You were refused the spouse visa because you were only married half of a year? 

Would we need to show proof starting the beginning of our relationship? 2009 that is. I lived in canada and he was in uk and we didnt meet in person until 2010.


----------



## dhiyaidris (Oct 7, 2014)

freezing said:


> i would definitely show call, email and chat logs even if you live together. me and my spouse were recently refused a EEA FP because we only got married half a year ago, so although we have lived together for 5, they wanted proof of relationship. so now we are applying again with everything we have.
> 
> also, based on other threads, married people who did not show proof or relationship while living apart for instance, were refused a visa due to lack of proof. so dont make my mistake, show hard evidence that you live together and whatever else you can.


 
You were refused the spouse visa because you were only married half of a year?
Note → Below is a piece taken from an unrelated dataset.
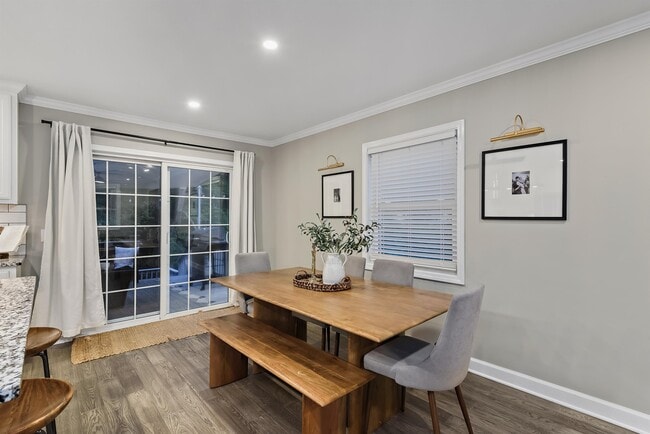 Building Photo - 112 Magnolia Cir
Would we need to show proof starting the beginning of our relationship? 2009 that is. I lived in canada and he was in uk and we didnt meet in person until 2010.


----------



## freezing (Jan 2, 2016)

dhiyaidris said:


> You were refused the spouse visa because you were only married half of a year?
> 
> Would we need to show proof starting the beginning of our relationship? 2009 that is. I lived in canada and he was in uk and we didnt meet in person until 2010.


At the time of the application, just 5 months (ECO wrote 4 months, but whatever). But we did not provide other proof of the relationship, just the information that we've lived together for a long time, but no proof. 

My personal advise is that show all the stuff you can from any time period you can. Printing email logs (not the content of them) and scanning envelopes addressed to you both, or getting copies of utility bills is cheap, so why not?? Rather than apply with insufficient evidence and then be refused and feel like i feel now - very stressed and upset.

Explain in your sponsor/spouse letter the time line too, first you met online, then you moved together, and have the evidence reflect that.


----------



## dhiyaidris (Oct 7, 2014)

freezing said:


> dhiyaidris said:
> 
> 
> > You were refused the spouse visa because you were only married half of a year?
> ...



Thanks so much! I really hope your visa gets sorted. You have been so helpful! x


----------



## Kimi2490 (Nov 8, 2012)

dhiyaidris,

What is most important is- for the period you were apart, you show phone logs, e mails, Skype logs , tickets to see each other etc.

However, for the period you were living in the same house together, what is more important is the bills, official documents addressed to one or both sent to the address etc. 

Adding phone and e mail logs from when you are living in the same house is overkill of evidence and there is such a thing as too much paper work for the ECO to sort through.

You say you have been living together for 4 years, so your best strategy would be to show official bills and official documents addressed to one or both of you spaced out at a couple of documents for every 6 months.

For the period before these 4 years when you were apart, you can show phone logs and e mails and ticket stubs etc.

Good luck


----------